_Task directions:_ Starting with the line that has "CurvaLuxe™ — Slip" in the records below and ending with the line that has "Oficina discute fechamento", output those lines exactly and nothing more; omit the pictures.

_Supplied data:_
####
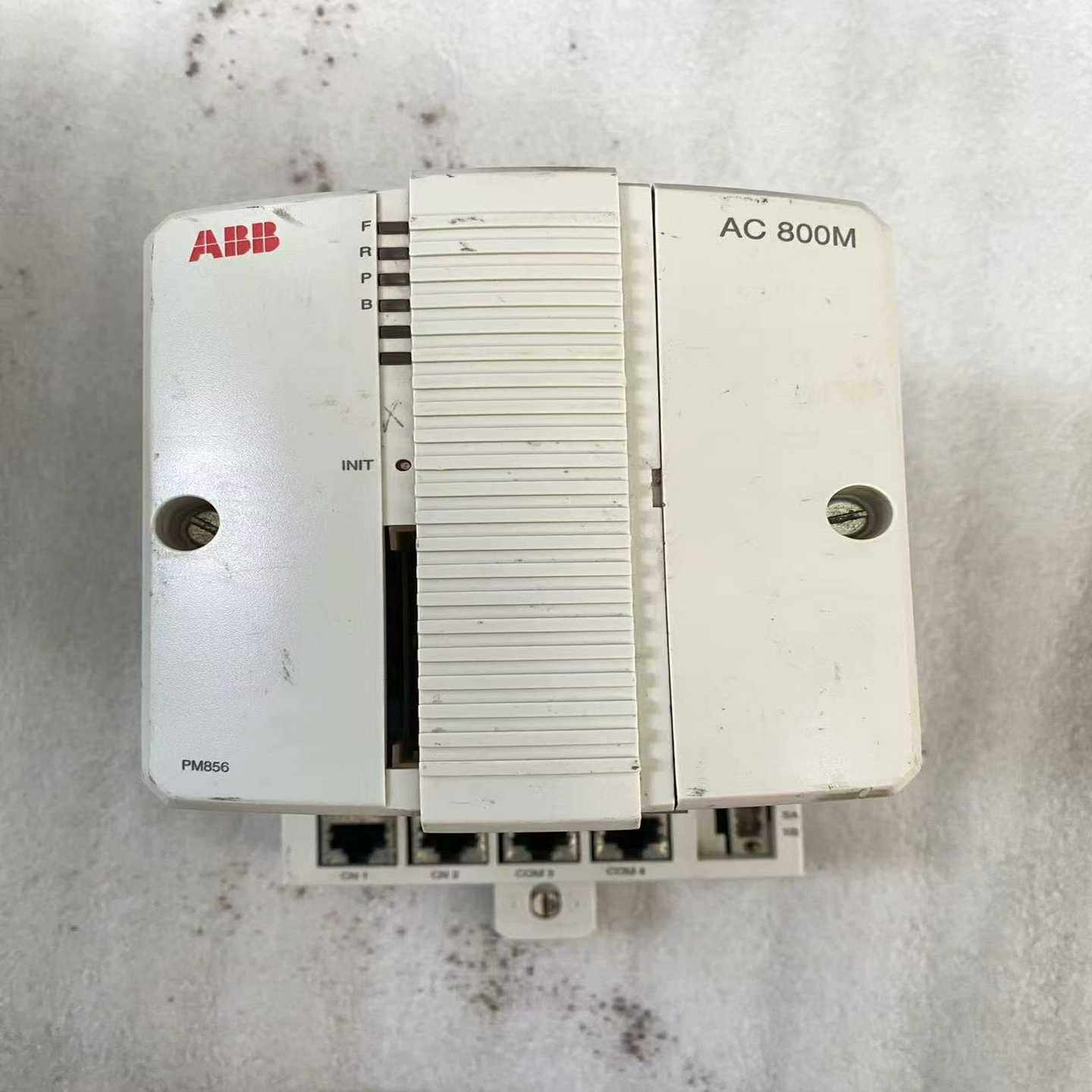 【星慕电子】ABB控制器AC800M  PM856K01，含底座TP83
####
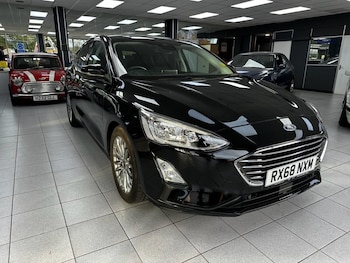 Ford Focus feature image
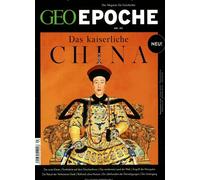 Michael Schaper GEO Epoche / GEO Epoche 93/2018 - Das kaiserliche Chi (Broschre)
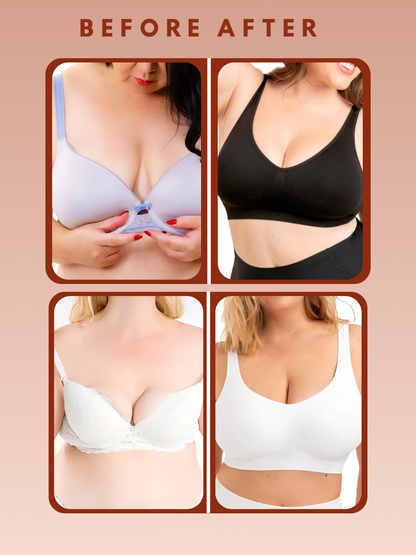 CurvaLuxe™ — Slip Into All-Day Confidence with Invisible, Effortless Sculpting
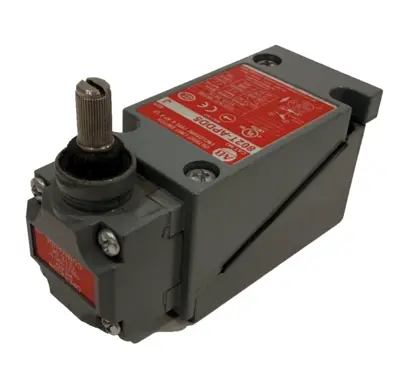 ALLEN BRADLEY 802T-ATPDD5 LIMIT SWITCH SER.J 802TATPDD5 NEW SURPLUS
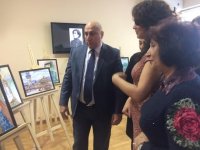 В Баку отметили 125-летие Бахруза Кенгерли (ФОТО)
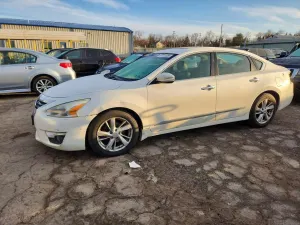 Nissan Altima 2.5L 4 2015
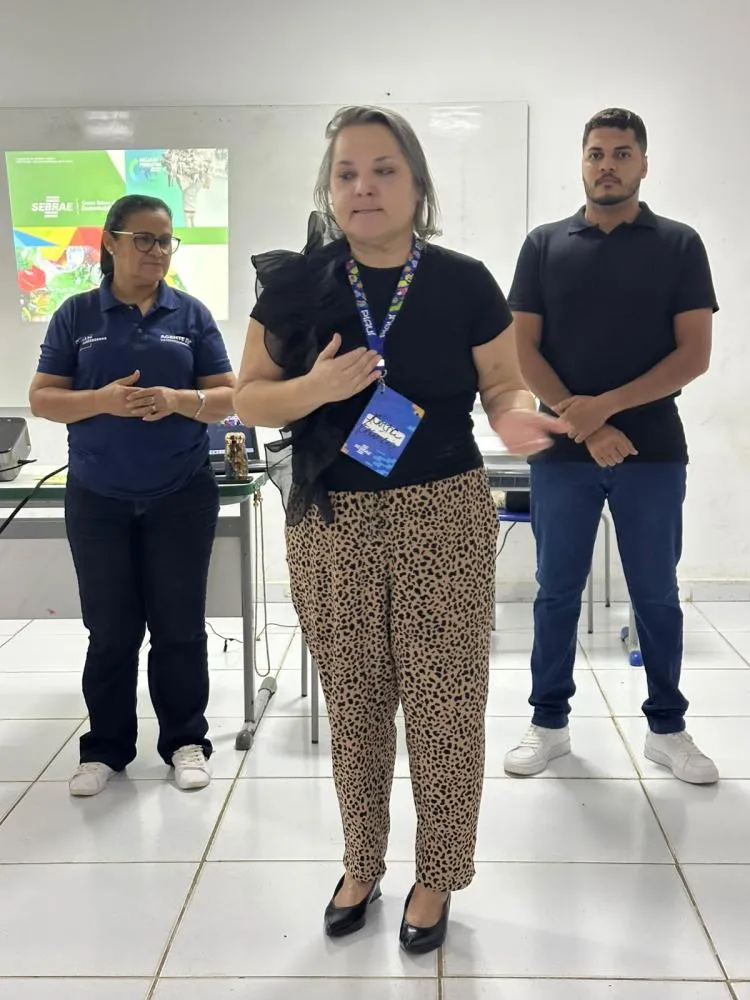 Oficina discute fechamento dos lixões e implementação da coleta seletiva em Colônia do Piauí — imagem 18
####
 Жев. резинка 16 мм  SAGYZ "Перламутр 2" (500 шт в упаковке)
####
_Result of the exercise:_
 CurvaLuxe™ — Slip Into All-Day Confidence with Invisible, Effortless Sculpting
 ALLEN BRADLEY 802T-ATPDD5 LIMIT SWITCH SER.J 802TATPDD5 NEW SURPLUS
 В Баку отметили 125-летие Бахруза Кенгерли (ФОТО)
 Nissan Altima 2.5L 4 2015
 Oficina discute fechamento dos lixões e implementação da coleta seletiva em Colônia do Piauí — imagem 18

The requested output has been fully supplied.